Recorded data ▸
'''

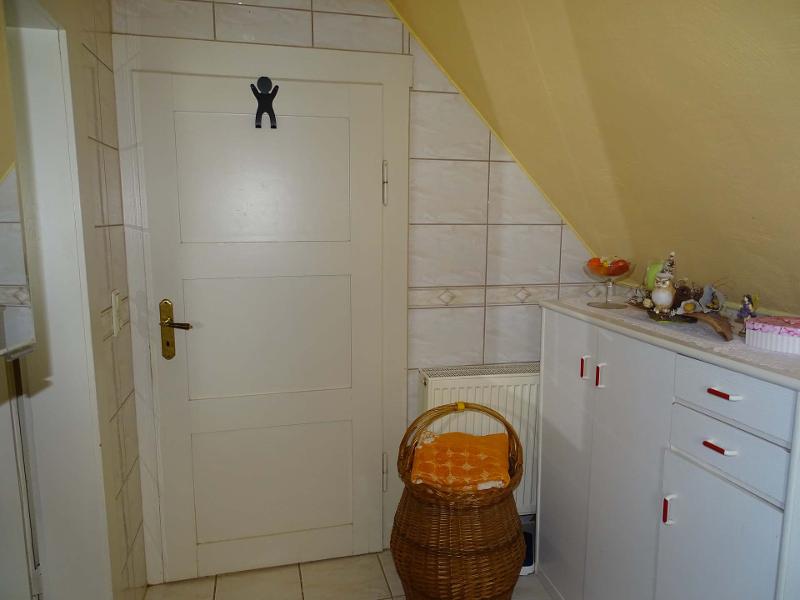 Ansicht Haus Gro�weitzschen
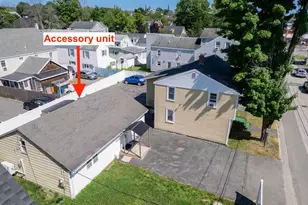 25 Green St, Saco, ME 04072 - Photo 3
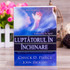Luptatorul in inchinare - Chuck Pierce, John Dickson, Stephanu.ro
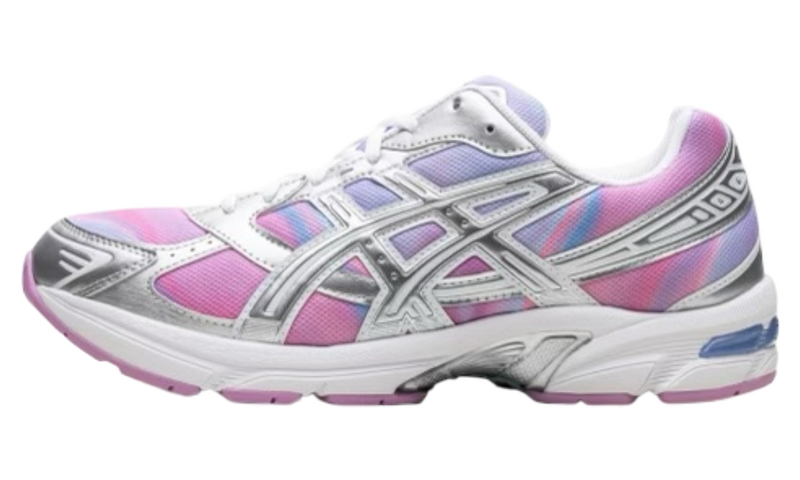 Asics Gel-1130 Baby Lavender Pure Silver-Bullseye Sneaker Boutique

'''

Work required ▸ The expected answer is an unaltered copy of the listing, images removed.

Response area ▸
 Ansicht Haus Gro�weitzschen
 25 Green St, Saco, ME 04072 - Photo 3
Luptatorul in inchinare - Chuck Pierce, John Dickson, Stephanu.ro
 Asics Gel-1130 Baby Lavender Pure Silver-Bullseye Sneaker Boutique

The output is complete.